By fulfilling the spirit and letter of our Pledge, we can together continue to build a great home. To do that, we need to lead, support or, at least, get out of the way of efforts to make Singapore a better place.

Ra ra Singapore! If this had been in a letter which was more subtle, nuanced and demonstrated the understanding of complex issues better, I would have such great hopes for the future (to be fair, I'm been impressed by the young crop of debaters).
Let me cite the casino issue as an example. The Government came up with the proposal. After studying views from all sides, it has decided to go ahead. Now, it is our duty to support the idea and make it work or, if we are still not happy with it, to accept it as fact and find ways to ensure it turns out well for the country by mitigating any possible social impact.

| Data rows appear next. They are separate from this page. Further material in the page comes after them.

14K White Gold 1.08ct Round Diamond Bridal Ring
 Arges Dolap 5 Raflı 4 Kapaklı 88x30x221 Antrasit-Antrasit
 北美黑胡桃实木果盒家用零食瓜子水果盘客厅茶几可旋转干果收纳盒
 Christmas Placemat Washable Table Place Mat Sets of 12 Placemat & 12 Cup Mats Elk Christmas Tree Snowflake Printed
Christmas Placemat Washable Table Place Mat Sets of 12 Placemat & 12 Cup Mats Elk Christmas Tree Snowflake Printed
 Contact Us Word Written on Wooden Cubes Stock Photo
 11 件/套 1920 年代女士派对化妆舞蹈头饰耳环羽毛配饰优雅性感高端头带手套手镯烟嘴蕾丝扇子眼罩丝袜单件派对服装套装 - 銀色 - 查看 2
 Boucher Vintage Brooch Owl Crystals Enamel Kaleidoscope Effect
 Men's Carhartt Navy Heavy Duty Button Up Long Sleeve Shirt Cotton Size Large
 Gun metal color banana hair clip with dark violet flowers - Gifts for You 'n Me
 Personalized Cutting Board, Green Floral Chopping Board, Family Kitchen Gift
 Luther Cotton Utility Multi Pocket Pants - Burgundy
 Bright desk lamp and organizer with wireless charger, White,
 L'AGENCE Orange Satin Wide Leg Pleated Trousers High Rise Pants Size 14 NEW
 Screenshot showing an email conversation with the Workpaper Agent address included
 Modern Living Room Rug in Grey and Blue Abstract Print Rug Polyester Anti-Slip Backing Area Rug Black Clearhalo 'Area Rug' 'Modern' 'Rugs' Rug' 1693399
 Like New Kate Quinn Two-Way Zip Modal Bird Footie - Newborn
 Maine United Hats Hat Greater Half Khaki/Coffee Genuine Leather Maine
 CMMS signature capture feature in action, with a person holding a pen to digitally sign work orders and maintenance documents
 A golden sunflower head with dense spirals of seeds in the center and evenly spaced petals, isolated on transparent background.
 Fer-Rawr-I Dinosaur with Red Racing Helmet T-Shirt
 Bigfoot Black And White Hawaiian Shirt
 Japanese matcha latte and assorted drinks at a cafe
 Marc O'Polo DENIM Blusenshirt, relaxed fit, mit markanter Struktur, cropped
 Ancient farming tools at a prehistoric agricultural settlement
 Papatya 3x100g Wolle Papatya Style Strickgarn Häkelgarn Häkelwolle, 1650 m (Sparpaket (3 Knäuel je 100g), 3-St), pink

Absolutely no. The whole point of a democratic society is the ability to effect change through the vote. Something does not simply become right because the government or the current majority of voters says it is so. Issues like women's sufferage and the Civil Rights Movement come to mind here. While I supported the casino, I realise that to opponents of the casino, my arguments does not necessarily rebut theirs nor theirs mine. This is what we mean by a fundamental clash of (differing) values.

But what I find terribly disturbing is the idea that once the government makes a decision it is our duty to support the idea and make it work. Put another way, surely it cannot be our duty to support the implementation of a policy that would render suddenly half our nation as second class citizens.

Sitting on the fence, however, may not the best thing to do. I am for leading or for being part of the team to make Singapore a better home. After all, a home is not about the place. It is about the people.

We still have problems with littering, ungraciousness, dengue-carrying mosquitoes, bullies, animal abusers and more. There are frequent letters and reports of these challenges in the media for us to be concerned. And the root of the problem? Some people just do not care.

They contribute to the problems and make life frustrating for other people sharing the home. They simply fail to see a good home is created by all the people who live in it. I hope that they do not wait until they lose it to appreciate it.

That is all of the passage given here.